Lil: Less is Less When Applying Post-Training Sparse-Attention Algorithms in Long-Decode Stage
Identifies and mitigates a counterintuitive inefficiency in sparse-attention decoding for LLMs, offering practical gains for inference efficiency.
Sparse-attention algorithms in LLM decoding can paradoxically increase end-to-end complexity by inducing longer sequences due to information loss. The proposed early-stopping algorithm reduces token consumption by up to 90% with less than 2% accuracy degradation on reasoning benchmarks.

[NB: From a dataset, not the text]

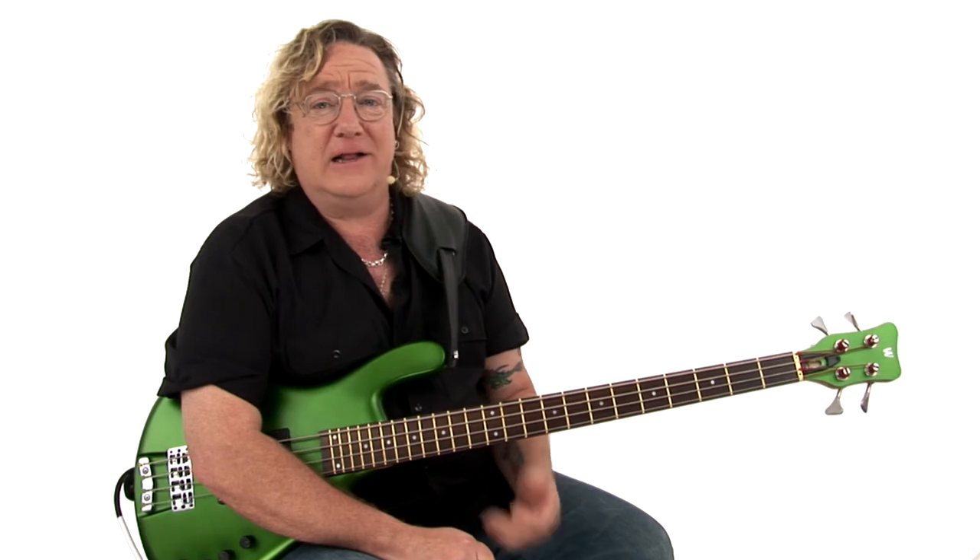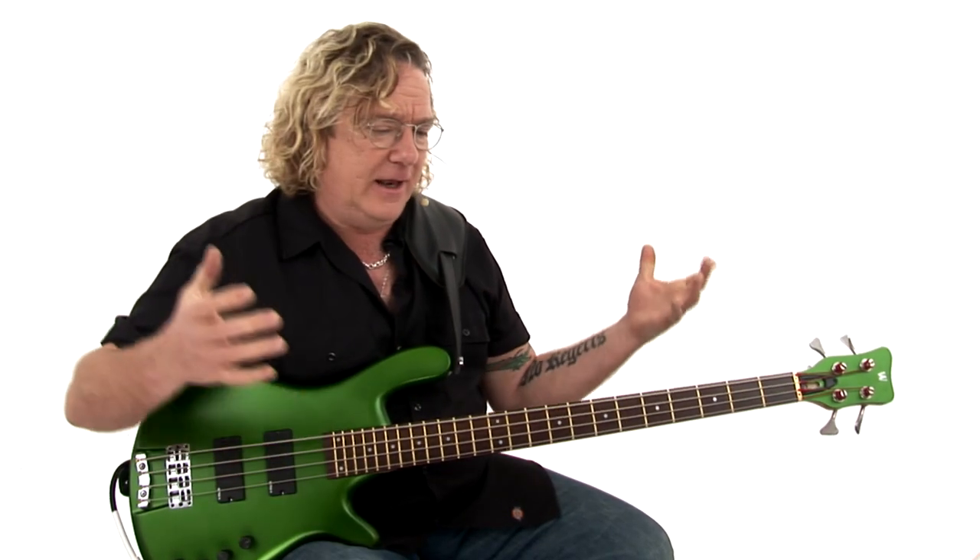Flea did so much to introduce a whole generation of rock bass players to the possibilities of what adding a little funk and thumb technique to your playing can add to rock, and bridge the gap between rap and rock and fusion and hip-hop. Flea really opened the doors to a lot of bass players, and we should all be thankful to him for that.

Large language models (LLMs) demonstrate strong capabilities across a wide range of complex tasks and are increasingly deployed at scale, placing significant demands on inference efficiency. Prior work typically decomposes inference into prefill and decode stages, with the decode stage dominating total latency. To reduce time and memory complexity in the decode stage, a line of work introduces sparse-attention algorithms. In this paper, we show, both empirically and theoretically, that sparse attention can paradoxically increase end-to-end complexity: information loss often induces significantly longer sequences, a phenomenon we term ``Less is Less'' (Lil). To mitigate the Lil problem, we propose an early-stopping algorithm that detects the threshold where information loss exceeds information gain during sparse decoding. Our early-stopping algorithm reduces token consumption by up to 90% with a marginal accuracy degradation of less than 2% across reasoning-intensive benchmarks.